» **WHAT YOU NEED TO DO**
Please set down only the lines running from the one with "Spannmålsmätarna av Jacques Callot" through the last line of the entries, exactly as written and without any pictures.
···
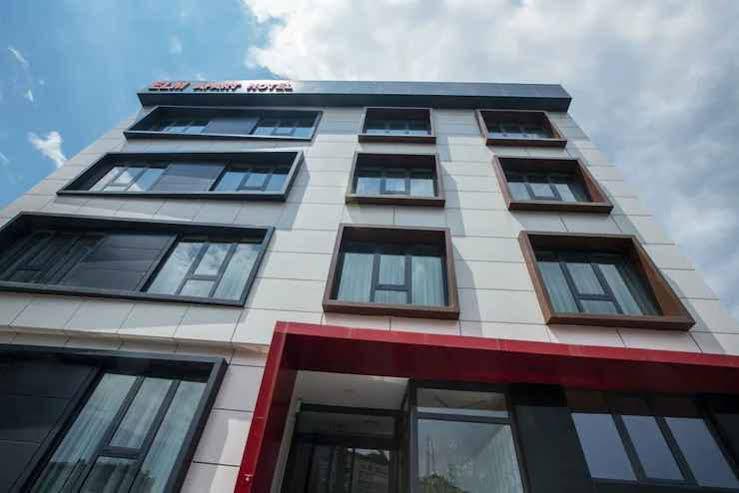Elm Suite Hotel Istambul Extérieur photo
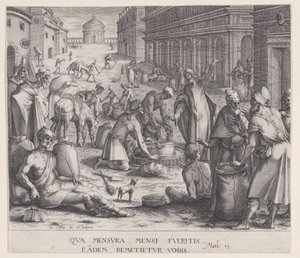 Spannmålsmätarna av Jacques Callot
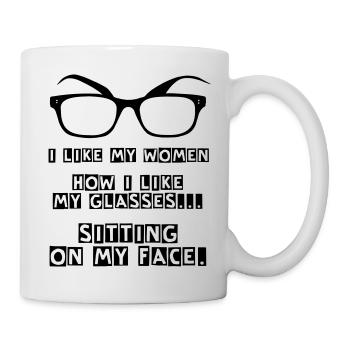Alex I Like - Tasse - Weiß - Rechts
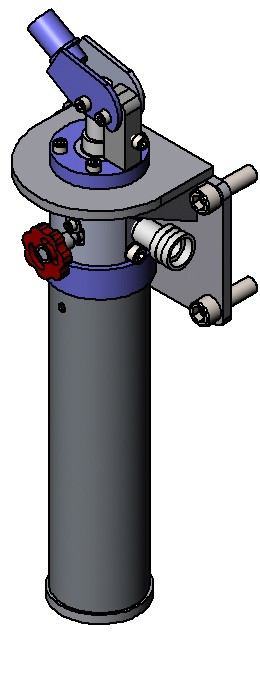 Ручной гидравлический насос для гидравлических прессов РГН - фото 1 - id-p224011959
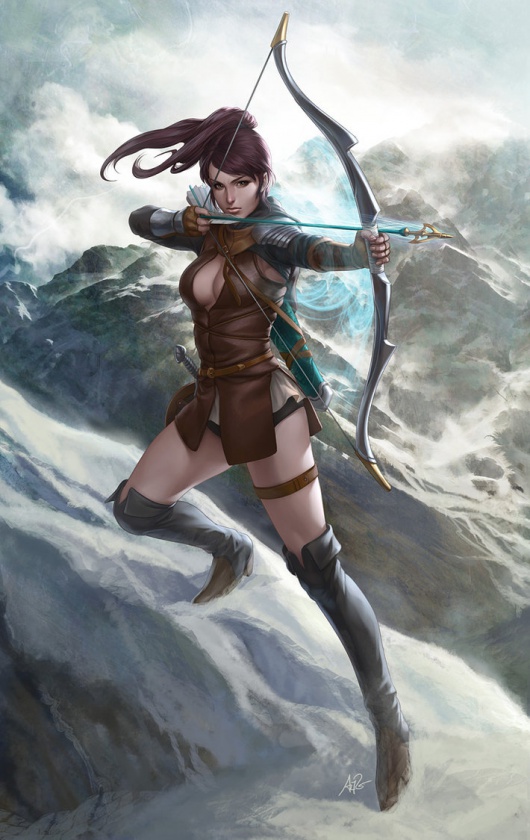 Las mejores ilustraciones de Artgerm (videojuegos, fantasía y ciencia ficción) Parte 1 13 Las mejores ilustraciones de Artgerm (videojuegos, fantasía y ciencia ficción) Parte 1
···
» **ANSWER BELOW**
 Spannmålsmätarna av Jacques Callot
Alex I Like - Tasse - Weiß - Rechts
 Ручной гидравлический насос для гидравлических прессов РГН - фото 1 - id-p224011959
 Las mejores ilustraciones de Artgerm (videojuegos, fantasía y ciencia ficción) Parte 1 13 Las mejores ilustraciones de Artgerm (videojuegos, fantasía y ciencia ficción) Parte 1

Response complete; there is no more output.